Getting around to working on more of my images from Blackwater National Wildlife Refuge. Here are some of the Tundra Swans we saw at the refuge. Most of the time they were far out in pools along the Wildlife Drive. But occasionally we saw some fly by giving us an opportunity for some flight shots. These were on an overcast grayish blue sky day. The higher up the Swans were flying seemed to be a little bluer sky. Because of the gray day I had to raise my ISO higher than I usually use to get a shutter speed fast enough to stop the wing movement.
Pair of Tundra Swans in Flight – 400mm, 1.4x teleconverter
Higher Flight of Tundra Swans – 400mm, 1.4x teleconverter
When we were at the Edwin B. Forsythe National Wildlife Refuge in New Jersey, photographing the large groups of Snow Geese, this group of Tundra Swans flew by. Unfortunately all the large groups of Snow Geese and Tundra Swans were very, very far out in the water. Usually you see multiple large groups of Snow Geese taking flight. On this trip there were a few flying in and out, but no large groups taking off all at once. It was still nice to get out and take some photos.

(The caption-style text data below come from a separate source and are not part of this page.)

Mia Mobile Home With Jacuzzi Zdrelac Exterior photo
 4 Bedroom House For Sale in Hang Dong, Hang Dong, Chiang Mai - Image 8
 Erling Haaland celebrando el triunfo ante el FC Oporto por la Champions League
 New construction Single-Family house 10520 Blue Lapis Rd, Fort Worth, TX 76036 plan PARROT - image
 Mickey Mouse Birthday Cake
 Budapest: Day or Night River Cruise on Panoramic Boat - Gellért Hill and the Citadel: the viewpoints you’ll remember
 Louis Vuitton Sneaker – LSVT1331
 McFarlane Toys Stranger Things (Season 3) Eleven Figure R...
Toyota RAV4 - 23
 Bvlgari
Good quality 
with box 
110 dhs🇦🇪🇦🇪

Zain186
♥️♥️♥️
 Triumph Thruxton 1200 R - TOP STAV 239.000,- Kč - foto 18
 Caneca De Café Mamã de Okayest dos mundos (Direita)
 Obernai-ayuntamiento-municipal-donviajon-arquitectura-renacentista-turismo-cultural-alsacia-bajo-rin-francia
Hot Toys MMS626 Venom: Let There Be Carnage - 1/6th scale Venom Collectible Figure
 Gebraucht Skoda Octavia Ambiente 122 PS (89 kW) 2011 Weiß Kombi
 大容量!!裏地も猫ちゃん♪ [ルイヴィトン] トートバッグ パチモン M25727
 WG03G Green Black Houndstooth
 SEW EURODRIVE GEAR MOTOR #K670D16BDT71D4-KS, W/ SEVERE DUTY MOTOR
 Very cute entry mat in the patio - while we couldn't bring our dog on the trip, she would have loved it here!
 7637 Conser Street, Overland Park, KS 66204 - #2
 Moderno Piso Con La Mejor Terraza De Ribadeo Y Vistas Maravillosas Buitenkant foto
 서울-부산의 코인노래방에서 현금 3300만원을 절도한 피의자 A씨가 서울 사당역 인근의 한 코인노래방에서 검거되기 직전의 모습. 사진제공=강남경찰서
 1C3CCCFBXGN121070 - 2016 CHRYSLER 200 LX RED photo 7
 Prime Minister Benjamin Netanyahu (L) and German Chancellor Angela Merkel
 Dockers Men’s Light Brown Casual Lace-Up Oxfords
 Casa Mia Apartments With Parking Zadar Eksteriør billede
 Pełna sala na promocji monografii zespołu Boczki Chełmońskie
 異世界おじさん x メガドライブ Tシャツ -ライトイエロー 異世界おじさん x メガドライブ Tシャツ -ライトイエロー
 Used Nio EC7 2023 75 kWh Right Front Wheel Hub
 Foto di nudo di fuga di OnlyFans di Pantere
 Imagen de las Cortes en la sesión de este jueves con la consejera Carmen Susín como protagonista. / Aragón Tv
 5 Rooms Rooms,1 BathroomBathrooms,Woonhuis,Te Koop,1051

A group of Tundra Swans flying off after a large group of Snow Geese took off in mass, disturbing the Swans that were off to the side of the Snow Geese at the Blackwater National Wildlife Refuge. The Swans took off and flew to an area farther away from the Snow Geese where it was quieter.
There was quite a bit of photo opportunities with the Tundra Swans also at Blackwater NWR. It is a very large refuge, but most of the photo ops for large groups of birds, either on the ground, in the water or flying are along the Wildlife Drive or Tubman Trail. They frown on stopping on any of the public roads within the Refuge. We sometimes ride through just because you can usually see quite a few Eagle nests from the road. There are many trails, but have limited sky views because of the thick concentration of trees. The refuge includes more than 28,000 acres of rich tidal marsh, mixed hardwood and loblolly pine forests, managed freshwater wetlands and croplands. There are also a couple of boat launching paved areas off the main roads in the Refuge with views of trees off in the distance that Eagles roost in. If you wait there you might get a few somewhat close flybys, but it usually takes a while. Or if you have really long lenses (800mm with teleconverters) you might get some shots in the trees. At this time of year, if you are lucky or have long lenses, you might see the small group of American White Pelicans flying. Usually they are just in a small group floating in the water fairly far out. Most people probably would not notice them. In the warmer months there are larger numbers.
It is interesting to see the different wing patterns/positions as a small group fly by. If close enough the sound of there wings flapping is really cool!